• _Exercise_
Return exactly the lines of the records below, starting at the line that contains "地质数字技术：顶板稳定性评估——矿井安全智能预警，告别传统经验风险" and ending at the line that contains "Tämän opinnäytetyön käsittelemä", with both of those lines kept.

[Data entries]
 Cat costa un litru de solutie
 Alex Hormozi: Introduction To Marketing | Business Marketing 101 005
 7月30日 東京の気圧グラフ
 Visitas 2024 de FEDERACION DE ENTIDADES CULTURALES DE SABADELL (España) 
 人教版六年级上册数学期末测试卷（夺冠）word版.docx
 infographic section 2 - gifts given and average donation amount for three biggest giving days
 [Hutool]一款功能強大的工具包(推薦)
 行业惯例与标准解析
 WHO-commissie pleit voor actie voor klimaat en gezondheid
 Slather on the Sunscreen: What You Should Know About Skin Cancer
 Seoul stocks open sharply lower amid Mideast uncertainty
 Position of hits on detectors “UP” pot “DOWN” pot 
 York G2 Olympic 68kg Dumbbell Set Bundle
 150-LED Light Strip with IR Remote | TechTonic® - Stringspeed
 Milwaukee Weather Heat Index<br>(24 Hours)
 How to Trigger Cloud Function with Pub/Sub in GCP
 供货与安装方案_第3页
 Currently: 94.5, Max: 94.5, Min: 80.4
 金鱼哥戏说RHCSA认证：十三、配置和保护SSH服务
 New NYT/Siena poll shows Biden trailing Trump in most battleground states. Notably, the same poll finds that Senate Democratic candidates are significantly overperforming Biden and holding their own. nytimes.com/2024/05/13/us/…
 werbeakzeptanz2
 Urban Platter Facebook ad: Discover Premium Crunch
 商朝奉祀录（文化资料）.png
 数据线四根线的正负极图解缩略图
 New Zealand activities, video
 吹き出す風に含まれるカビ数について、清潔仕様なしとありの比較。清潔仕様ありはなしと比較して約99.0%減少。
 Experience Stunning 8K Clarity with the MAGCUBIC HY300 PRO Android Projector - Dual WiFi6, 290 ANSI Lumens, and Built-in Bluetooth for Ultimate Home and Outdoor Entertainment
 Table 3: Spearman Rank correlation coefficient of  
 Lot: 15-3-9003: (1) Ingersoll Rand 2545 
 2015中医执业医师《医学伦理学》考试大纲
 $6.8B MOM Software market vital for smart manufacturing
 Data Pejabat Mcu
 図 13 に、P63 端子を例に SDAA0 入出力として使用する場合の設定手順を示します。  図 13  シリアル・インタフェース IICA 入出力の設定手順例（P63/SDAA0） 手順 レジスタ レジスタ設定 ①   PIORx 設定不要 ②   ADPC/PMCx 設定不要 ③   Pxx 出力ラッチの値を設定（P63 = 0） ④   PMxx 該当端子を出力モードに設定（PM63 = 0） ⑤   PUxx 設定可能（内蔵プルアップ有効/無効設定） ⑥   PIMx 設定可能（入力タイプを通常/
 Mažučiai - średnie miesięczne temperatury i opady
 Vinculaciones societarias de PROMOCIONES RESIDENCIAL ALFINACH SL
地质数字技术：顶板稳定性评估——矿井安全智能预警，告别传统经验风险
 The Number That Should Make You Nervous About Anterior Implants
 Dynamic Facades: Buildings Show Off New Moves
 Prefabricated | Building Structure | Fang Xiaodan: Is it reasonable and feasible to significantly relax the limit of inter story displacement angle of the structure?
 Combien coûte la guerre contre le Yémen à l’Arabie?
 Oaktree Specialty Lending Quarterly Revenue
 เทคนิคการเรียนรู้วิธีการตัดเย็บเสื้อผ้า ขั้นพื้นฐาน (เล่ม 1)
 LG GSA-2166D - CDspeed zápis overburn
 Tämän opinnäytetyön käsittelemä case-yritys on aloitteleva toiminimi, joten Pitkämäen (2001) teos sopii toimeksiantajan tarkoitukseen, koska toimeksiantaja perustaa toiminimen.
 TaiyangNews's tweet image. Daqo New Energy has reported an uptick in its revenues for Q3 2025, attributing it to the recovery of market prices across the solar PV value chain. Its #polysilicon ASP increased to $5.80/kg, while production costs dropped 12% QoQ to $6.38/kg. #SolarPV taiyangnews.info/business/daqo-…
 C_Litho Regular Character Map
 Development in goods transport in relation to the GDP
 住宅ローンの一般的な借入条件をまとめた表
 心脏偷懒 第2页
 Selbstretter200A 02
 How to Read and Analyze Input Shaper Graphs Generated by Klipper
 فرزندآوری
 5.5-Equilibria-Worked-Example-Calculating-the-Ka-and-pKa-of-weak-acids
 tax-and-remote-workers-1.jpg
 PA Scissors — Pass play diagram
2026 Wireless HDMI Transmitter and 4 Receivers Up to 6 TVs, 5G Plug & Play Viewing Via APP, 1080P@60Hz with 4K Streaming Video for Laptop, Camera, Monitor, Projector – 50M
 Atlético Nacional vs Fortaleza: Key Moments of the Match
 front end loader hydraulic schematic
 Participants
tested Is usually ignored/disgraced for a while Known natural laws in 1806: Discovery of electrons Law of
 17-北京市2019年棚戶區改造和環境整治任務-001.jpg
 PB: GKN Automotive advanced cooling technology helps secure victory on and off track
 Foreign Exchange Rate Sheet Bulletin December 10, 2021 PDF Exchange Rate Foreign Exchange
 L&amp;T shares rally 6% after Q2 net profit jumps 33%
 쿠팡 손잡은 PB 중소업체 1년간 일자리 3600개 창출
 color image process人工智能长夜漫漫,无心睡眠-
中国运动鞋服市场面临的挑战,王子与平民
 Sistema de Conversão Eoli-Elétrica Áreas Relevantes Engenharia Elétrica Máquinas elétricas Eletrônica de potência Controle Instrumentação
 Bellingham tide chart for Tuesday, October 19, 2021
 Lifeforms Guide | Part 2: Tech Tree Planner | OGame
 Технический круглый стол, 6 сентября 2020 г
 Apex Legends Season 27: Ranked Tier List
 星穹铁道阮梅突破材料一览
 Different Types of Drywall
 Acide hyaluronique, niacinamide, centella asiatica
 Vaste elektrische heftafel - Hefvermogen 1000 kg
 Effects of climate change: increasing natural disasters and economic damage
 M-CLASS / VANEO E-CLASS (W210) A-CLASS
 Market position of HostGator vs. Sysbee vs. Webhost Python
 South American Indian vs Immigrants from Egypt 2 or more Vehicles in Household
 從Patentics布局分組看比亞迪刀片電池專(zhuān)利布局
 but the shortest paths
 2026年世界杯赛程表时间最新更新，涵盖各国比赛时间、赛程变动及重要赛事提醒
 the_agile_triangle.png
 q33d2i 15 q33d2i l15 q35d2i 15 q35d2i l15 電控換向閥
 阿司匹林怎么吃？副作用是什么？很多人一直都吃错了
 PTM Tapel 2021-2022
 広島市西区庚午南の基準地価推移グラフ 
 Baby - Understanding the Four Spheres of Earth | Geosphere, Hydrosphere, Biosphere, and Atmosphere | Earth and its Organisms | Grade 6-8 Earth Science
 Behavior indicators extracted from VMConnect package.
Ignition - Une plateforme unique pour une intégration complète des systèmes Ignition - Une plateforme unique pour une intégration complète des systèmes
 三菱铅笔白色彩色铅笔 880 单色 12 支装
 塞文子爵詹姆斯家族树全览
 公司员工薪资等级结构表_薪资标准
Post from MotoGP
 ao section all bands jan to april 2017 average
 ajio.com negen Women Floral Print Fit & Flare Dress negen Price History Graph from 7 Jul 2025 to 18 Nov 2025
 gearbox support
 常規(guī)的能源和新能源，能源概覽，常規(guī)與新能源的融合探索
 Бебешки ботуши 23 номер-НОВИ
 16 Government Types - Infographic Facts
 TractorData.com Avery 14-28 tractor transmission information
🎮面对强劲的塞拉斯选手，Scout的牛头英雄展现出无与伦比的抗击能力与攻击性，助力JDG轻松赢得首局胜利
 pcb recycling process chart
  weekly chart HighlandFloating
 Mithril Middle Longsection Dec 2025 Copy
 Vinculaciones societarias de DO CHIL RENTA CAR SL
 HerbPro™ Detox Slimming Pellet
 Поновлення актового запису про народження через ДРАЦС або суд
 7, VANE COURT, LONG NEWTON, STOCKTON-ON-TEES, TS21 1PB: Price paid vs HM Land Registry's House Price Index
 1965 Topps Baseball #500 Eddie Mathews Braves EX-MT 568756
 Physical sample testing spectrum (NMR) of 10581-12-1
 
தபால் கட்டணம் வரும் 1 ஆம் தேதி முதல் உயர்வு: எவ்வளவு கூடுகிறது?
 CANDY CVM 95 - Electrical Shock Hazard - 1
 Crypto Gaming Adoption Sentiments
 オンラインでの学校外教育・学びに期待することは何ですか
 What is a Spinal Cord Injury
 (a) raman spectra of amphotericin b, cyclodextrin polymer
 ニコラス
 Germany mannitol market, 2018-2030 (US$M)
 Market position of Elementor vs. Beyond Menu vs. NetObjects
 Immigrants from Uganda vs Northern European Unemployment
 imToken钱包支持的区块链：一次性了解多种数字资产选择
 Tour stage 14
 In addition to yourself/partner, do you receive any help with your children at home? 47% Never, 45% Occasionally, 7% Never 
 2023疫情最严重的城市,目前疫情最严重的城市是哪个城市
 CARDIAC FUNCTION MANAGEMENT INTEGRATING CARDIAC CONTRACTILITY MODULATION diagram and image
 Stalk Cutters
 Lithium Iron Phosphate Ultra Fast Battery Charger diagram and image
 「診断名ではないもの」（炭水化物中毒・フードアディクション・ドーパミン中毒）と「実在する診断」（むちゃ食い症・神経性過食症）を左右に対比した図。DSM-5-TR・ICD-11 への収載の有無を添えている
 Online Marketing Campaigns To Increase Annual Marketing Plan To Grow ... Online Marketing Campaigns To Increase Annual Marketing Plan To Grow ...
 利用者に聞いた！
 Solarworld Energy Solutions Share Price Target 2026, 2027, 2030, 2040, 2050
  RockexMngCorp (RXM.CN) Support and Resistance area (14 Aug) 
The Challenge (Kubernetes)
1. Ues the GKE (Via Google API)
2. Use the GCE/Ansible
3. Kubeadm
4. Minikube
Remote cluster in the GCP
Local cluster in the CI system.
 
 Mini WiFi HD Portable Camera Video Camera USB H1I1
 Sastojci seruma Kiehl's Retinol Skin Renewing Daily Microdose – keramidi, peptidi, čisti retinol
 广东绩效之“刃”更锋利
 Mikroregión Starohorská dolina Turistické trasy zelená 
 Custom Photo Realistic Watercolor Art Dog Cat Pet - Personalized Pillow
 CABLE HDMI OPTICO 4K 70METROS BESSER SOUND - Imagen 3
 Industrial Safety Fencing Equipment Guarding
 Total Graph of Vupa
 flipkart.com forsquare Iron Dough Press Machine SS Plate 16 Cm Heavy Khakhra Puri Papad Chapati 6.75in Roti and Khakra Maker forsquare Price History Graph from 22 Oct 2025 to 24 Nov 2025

• _Solution to this problem_
地质数字技术：顶板稳定性评估——矿井安全智能预警，告别传统经验风险
 The Number That Should Make You Nervous About Anterior Implants
 Dynamic Facades: Buildings Show Off New Moves
 Prefabricated | Building Structure | Fang Xiaodan: Is it reasonable and feasible to significantly relax the limit of inter story displacement angle of the structure?
 Combien coûte la guerre contre le Yémen à l’Arabie?
 Oaktree Specialty Lending Quarterly Revenue
 เทคนิคการเรียนรู้วิธีการตัดเย็บเสื้อผ้า ขั้นพื้นฐาน (เล่ม 1)
 LG GSA-2166D - CDspeed zápis overburn
 Tämän opinnäytetyön käsittelemä case-yritys on aloitteleva toiminimi, joten Pitkämäen (2001) teos sopii toimeksiantajan tarkoitukseen, koska toimeksiantaja perustaa toiminimen.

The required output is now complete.